Friday, October 11, 2013

*The Bargain*

  The Bargain

"Gritty" "Authentic" and "Can't wait for the next volume!" are not words I have ever used to describe an Amish novel.
There are two explanations for this phenomena: One is that I came up with that when I wasn't around, the other is that I just met an extraordinary book whose heroine happens to wear a bonnet.
It is the latter. The Bargain, book one in The Plain City Peace series is now a serious competitor for my Favorite Fall Read of 2013.


Our leading lady, Amish girl Betsie, views the upheaval of the American 1970's with wise-beyond-her-years eyes.

She is the perfect protagonist for us to examine the big themes through her perspective, and her religion set in contrast with what appeared to be an "anything goes" 70's culture, raises a ton of questions.

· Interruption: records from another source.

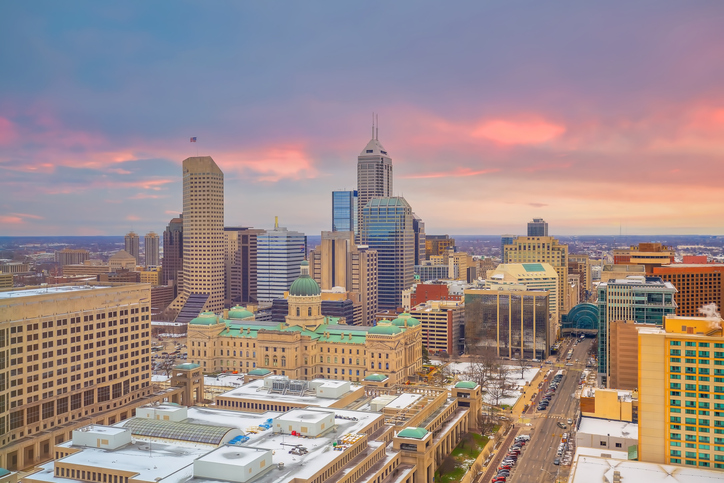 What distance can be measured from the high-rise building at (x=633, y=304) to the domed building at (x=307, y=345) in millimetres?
42663

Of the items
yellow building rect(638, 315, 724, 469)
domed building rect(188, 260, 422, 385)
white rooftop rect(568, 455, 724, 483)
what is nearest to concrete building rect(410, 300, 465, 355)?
domed building rect(188, 260, 422, 385)

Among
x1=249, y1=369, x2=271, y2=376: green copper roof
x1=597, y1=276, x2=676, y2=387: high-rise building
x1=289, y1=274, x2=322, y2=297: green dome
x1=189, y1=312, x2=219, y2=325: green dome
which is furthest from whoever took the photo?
x1=189, y1=312, x2=219, y2=325: green dome

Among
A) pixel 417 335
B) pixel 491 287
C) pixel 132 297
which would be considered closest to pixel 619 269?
pixel 491 287

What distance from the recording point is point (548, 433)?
11931cm

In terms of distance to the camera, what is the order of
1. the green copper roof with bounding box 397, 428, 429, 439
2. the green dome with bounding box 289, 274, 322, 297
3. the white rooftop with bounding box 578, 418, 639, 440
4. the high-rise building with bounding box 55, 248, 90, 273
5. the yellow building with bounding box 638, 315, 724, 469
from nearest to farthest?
1. the yellow building with bounding box 638, 315, 724, 469
2. the high-rise building with bounding box 55, 248, 90, 273
3. the green copper roof with bounding box 397, 428, 429, 439
4. the white rooftop with bounding box 578, 418, 639, 440
5. the green dome with bounding box 289, 274, 322, 297

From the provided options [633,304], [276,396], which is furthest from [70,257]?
[633,304]

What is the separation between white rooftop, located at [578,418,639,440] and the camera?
3752 inches

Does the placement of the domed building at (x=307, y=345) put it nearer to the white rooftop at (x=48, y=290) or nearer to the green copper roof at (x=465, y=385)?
the green copper roof at (x=465, y=385)

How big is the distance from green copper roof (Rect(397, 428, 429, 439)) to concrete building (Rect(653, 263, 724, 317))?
99813 millimetres

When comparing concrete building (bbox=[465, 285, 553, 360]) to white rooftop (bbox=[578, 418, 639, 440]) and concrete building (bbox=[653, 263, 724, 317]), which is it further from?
white rooftop (bbox=[578, 418, 639, 440])

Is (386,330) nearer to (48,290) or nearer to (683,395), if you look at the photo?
(48,290)

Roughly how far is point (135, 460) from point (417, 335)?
9065 centimetres

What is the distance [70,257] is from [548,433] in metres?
84.0

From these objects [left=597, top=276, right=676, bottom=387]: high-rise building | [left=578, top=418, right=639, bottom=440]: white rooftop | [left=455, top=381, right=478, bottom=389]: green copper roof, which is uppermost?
[left=597, top=276, right=676, bottom=387]: high-rise building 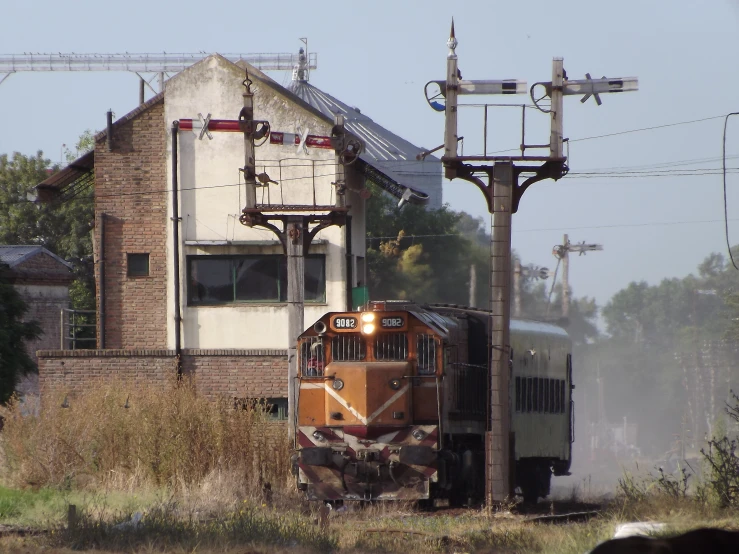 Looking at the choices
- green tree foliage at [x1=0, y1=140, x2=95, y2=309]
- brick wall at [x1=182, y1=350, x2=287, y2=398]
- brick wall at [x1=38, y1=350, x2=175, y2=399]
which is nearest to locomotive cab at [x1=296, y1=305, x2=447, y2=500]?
brick wall at [x1=182, y1=350, x2=287, y2=398]

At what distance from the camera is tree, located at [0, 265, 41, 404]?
2031 centimetres

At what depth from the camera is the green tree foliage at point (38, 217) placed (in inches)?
1778

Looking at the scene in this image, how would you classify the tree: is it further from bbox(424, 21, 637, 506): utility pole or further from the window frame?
bbox(424, 21, 637, 506): utility pole

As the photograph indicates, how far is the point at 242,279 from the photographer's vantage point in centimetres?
2673

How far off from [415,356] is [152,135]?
11.9 meters

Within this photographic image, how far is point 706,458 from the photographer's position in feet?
51.1

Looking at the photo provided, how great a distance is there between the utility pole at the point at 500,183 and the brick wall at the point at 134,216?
11205mm

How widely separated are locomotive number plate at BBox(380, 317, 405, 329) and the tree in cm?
730

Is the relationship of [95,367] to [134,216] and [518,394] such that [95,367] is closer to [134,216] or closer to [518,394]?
[134,216]

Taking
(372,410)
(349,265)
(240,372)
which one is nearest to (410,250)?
(349,265)

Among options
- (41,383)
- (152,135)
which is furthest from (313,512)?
(152,135)

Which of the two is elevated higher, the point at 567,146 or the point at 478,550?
the point at 567,146

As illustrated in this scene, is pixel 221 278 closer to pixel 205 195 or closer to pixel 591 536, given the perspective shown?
pixel 205 195

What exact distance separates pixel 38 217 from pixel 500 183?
108 feet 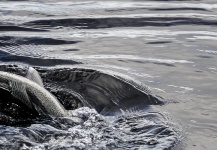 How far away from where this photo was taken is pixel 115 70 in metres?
5.73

In the middle of Amish morality, carefully maintained and set down as the community's laws, Betsie's parents have become Christians.
They now know the One who died for them, who set them free from trying to keep a set of laws that cannot save them. They now follow the Lord who set them free instead to live in purity and grace out of Love, because of Love.
Betsie cannot understand why they would make this terrible mistake and leave the religion they were raised in. And Betsie and Sadie, her sister, will not follow their mother and father out into the world of the English... not to stay.

Betsie's time with the English is going to be strictly business, living with an English family so that she can temporarily take her cousin Nelson's place as their harness shop apprentice. She will keep her distance from the family members and will not, according to Amish tradition, even speak to customers by herself. Instead she will diligently fill a notebook with all that Nelson needs to know, and hope that he can come back soon and take his rightful place.
{See that notebook she's clutching in the cover illustration? That's the one!}
But Betsie never thought that she would walk into the Sullivan home and they would turn out to be people, with their own struggles and fears and with their own longings for family.

You will be delighted as Betsie meets Sheila, the daughter. Suddenly Betsie has a cheerful little girl befriending her, a girl who wants to be involved in the wholesome work and pleasures like helping to wash dishes and make cookies.

And she meets the owner of that yellow Super Bee car you see on the cover. Michael.
I found myself really liking this kid.
He's comical one moment and dead serious the next.
A wounded rebel, Michael wants to stand for something in a world that is falling for everything. He is the epitome of a young man trying to find himself, set adrift in a sea of philosophies that the world is offering him, unsure where the Northern star of absolute truth has gone.
He's a poet inside and a cynic to the world.
Ravi Zacharias would love to meet this young man.
Michael reminds me of this quote from Mr. Zacharias:

“In the 1950s kids lost their innocence.
They were liberated from their parents by well-paying jobs, cars, and lyrics in music that gave rise to a new term ---the generation gap.

In the 1960s, kids lost their authority.
It was a decade of protest---church, state, and parents were all called into question and found wanting. Their authority was rejected, yet nothing ever replaced it.

In the 1970s, kids lost their love. It was the decade of me-ism dominated by hyphenated words beginning with self.
Self-image, Self-esteem, Self-assertion....It made for a lonely world. Kids learned everything there was to know about sex and forgot everything there was to know about love, and no one had the nerve to tell them there was a difference." 

That is Michael. A young man the Lord can mightily use, Michael just needs to be introduced to Jesus. 

Oh, how I am waiting for the sequel! Hurry, Please!
Thank you Litfuse for this book!

Image of Stephanie Reed




Stephanie Reed lives on the outskirts of Plain City, Ohio, site of a once-thriving Amish community. She gleans ideas for her novels from signs glimpsed along the byways of Ohio, as she did for her previous books, Across the Wide River and The Light Across the River.